Todos lembramos daquele episódio da oitava temporada de Game of Thrones que se tornou um verdadeiro pesadelo, mesmo em TVs preparadas para isso. "A Casa do Dragão" repetiu a dose com um episódio iluminado naturalmente, testando as capacidades das TVs. Era uma tempestade perfeita (que tem sido repetida em outras séries da HBO, como "Raised by Wolves"): os filmes estão mais escuros, as TVs nem sempre são de última geração... e as plataformas de streaming não transmitem com a melhor qualidade para apreciar nuances em ambientes muito escuros.
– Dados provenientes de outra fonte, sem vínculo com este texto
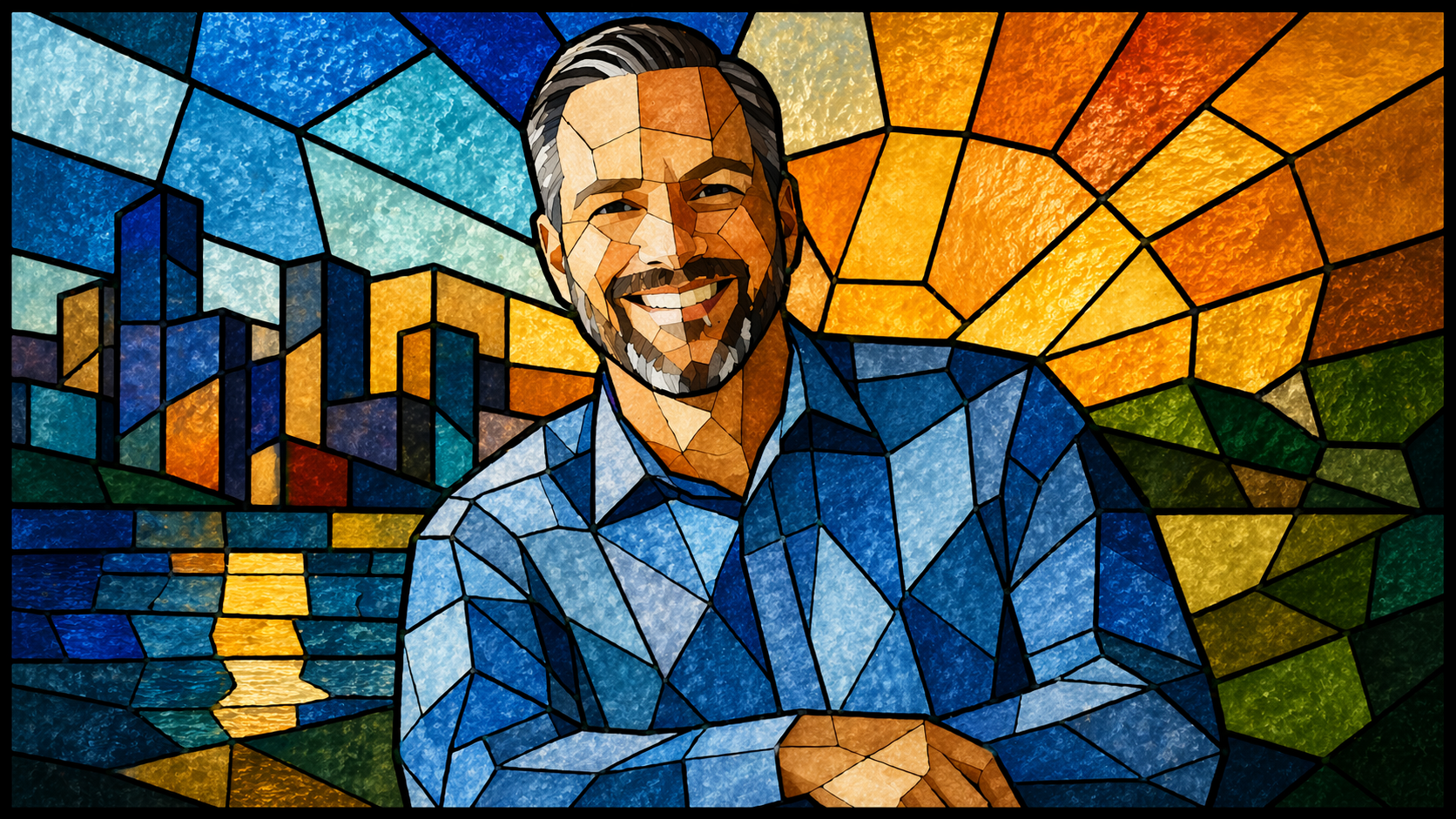 Dustin-Janney-Orlando-Baptish-Church-Pastor.png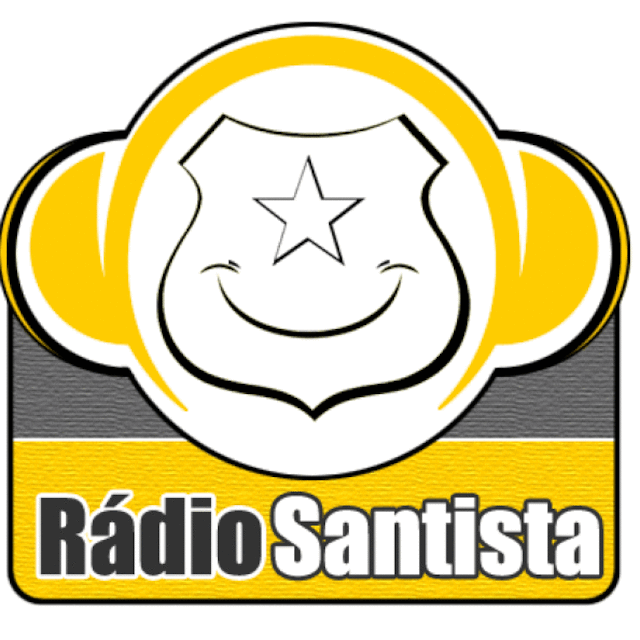 Radio Santista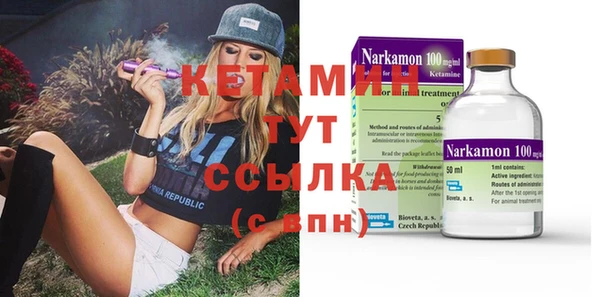 прущие крисы Ельня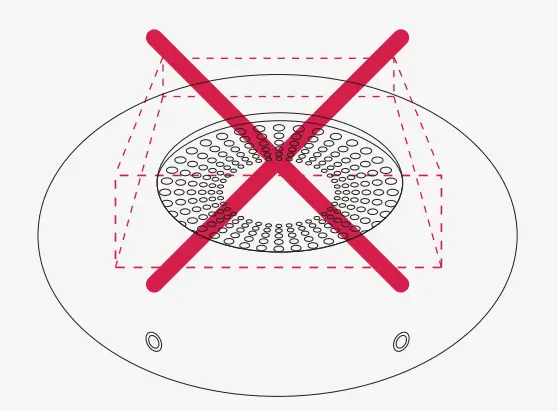 ERICSSON E1 Home Entertainment Hub - figure 13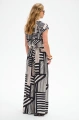Bluzka Damska Softly Black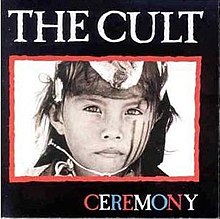 The Cult Ceremony.jpg
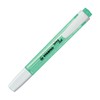 Stabilo 275/51 Individual Colours Highlighters Swing Cool Turquoise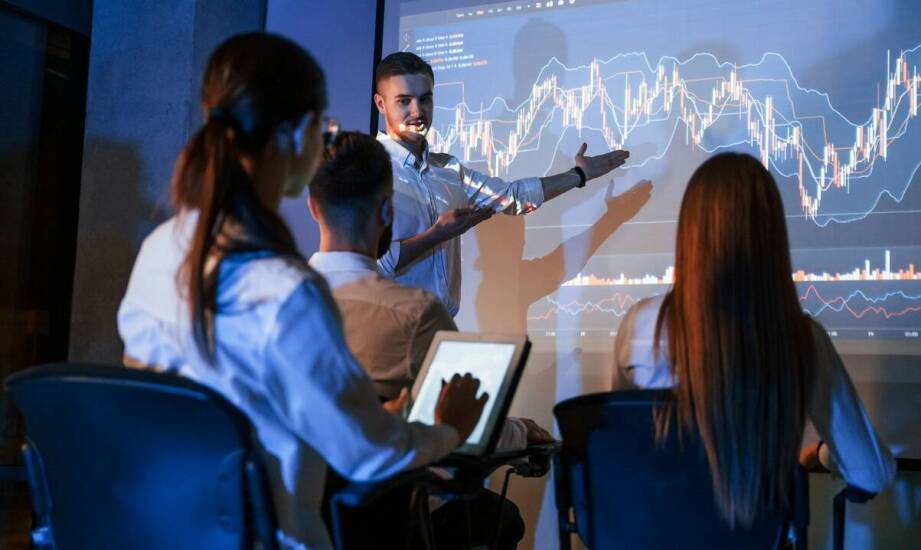 Wpływ badania satysfakcji klienta na rozwój marketingowej strategii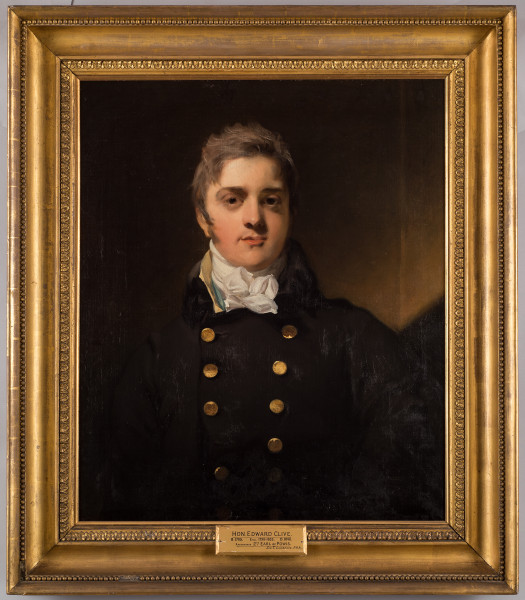 FDA-P.10-2010-cr image FDA-P.10-2010-cr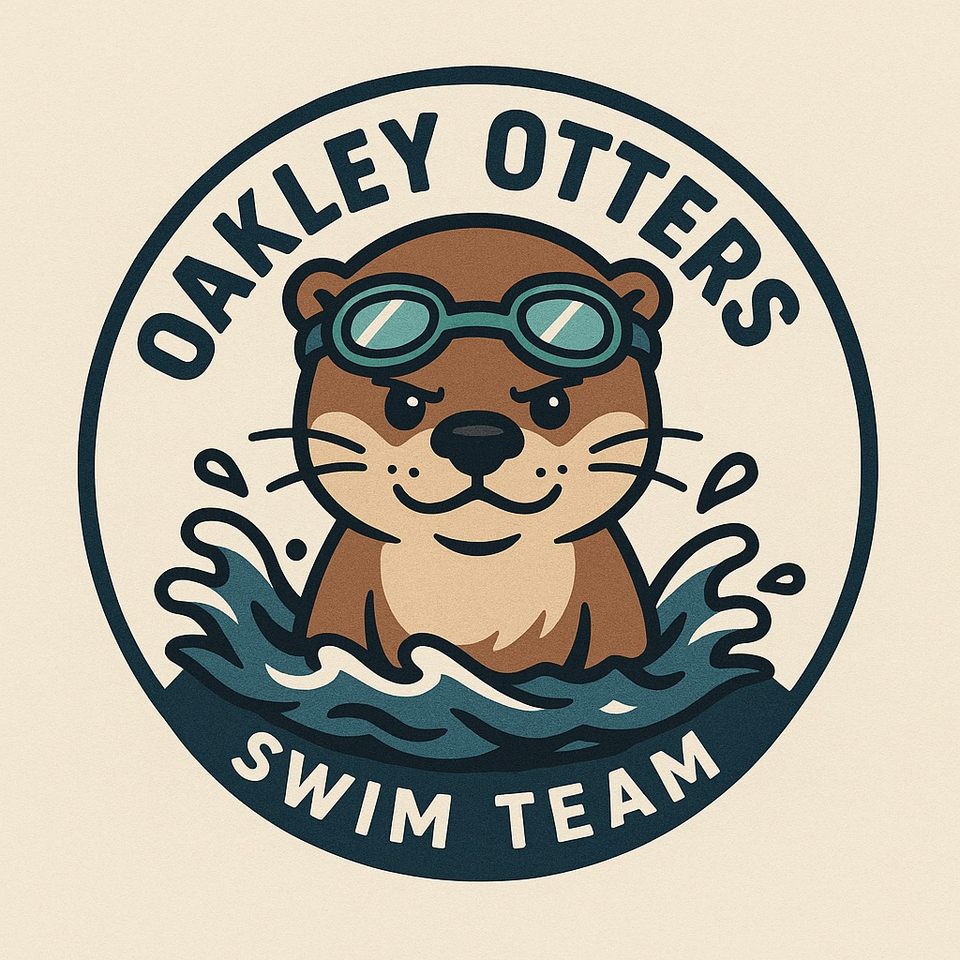 Group avatar for Oakley Otters
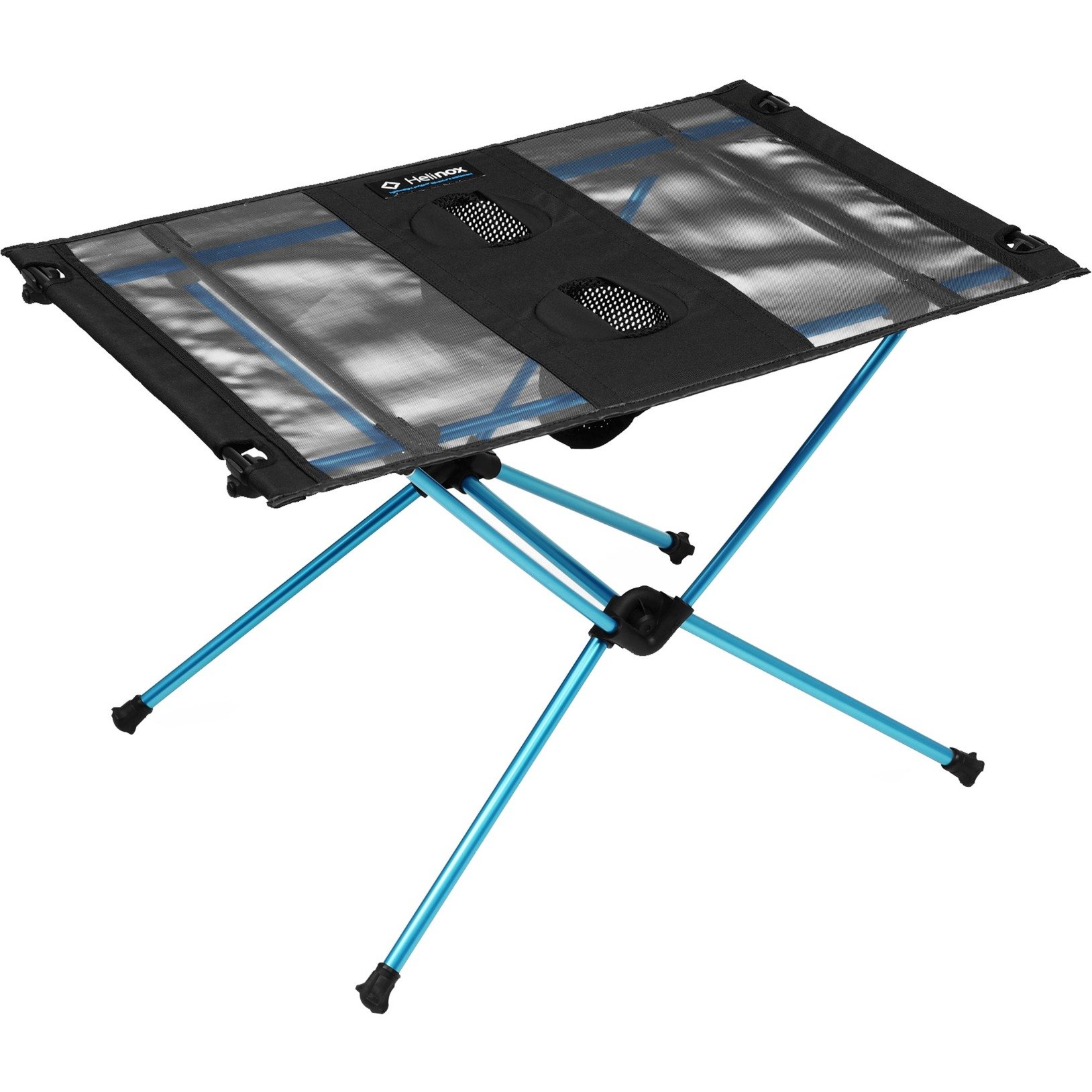 Camping-Tisch Table One 11001 von Helinox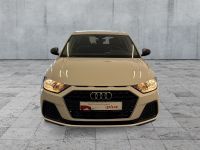Audi A1 - Vorschau Bild 3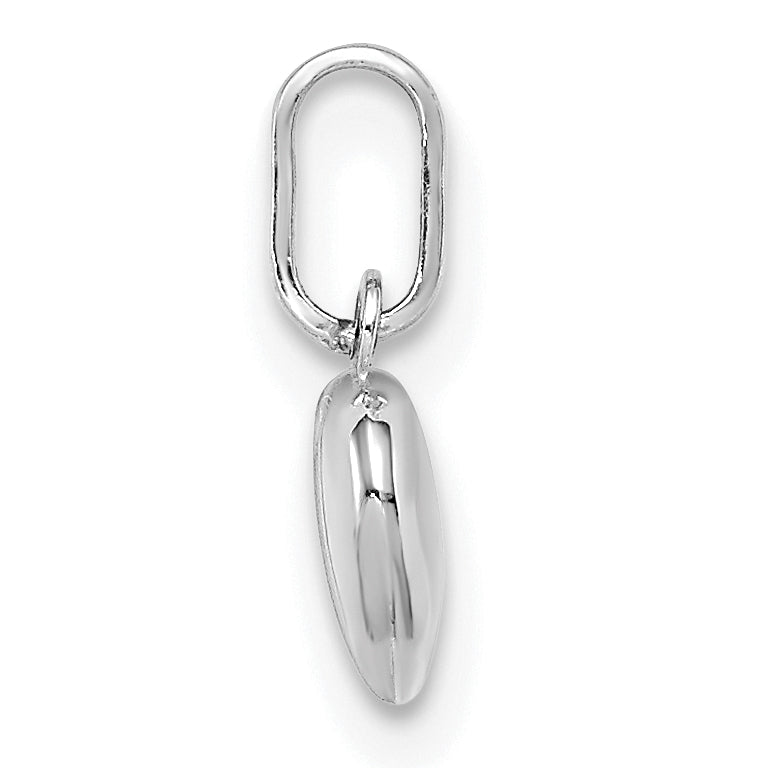 YC1063W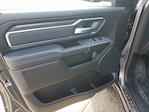 New 2026 Ram 1500 Big Horn Crew Cab for sale #T4172219 - photo 8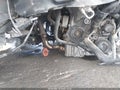 2020 Ford EcoSport — photo 6 of 16 | VIN MAJ3S2KE3LC370508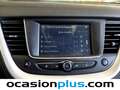 Opel Grandland X 1.6CDTi S&S Selective 120 Negro - thumbnail 28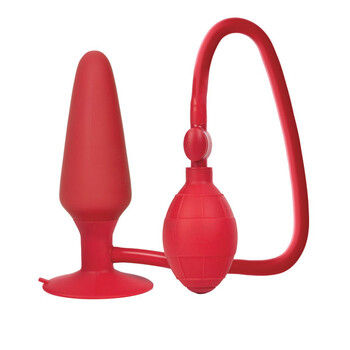 Colt XXL Pumper Plug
Existem elementos que condicionam a qualidade da imagem e que variam de uma plataforma para outra. Em um estudo comparativo que fizemos, e cujas conclusões permanecem válidas, explicamos que os elementos a considerar para avaliar a imagem são uma boa taxa de bits, um bom algoritmo de compressão e um bom codec. Este último, por exemplo, era o que fazia que as cenas escuras de "Game of Thrones" apresentassem artefatos que tornavam a imagem quase ininteligível, antes de a HBO mudar seu antiquado codec por um mais moderno.
Um futuro com streaming melhor. O fato de existirem plataformas como a Apple TV+ que têm qualidade de imagem notoriamente superior ao resto mostra que há espaço para melhorias. As opções de 4K em plataformas como Netflix, ou a chance de assistir a alguns filmes e séries da HBO Max em alta definição real, mostram que há público para isso. Até lá, teremos que esperar que as plataformas tomem decisões favoráveis à qualidade de imagem e som que oferecem... e esperar que as tendências de filmes que parecem ter sido desenterrados do Mar Menor passem.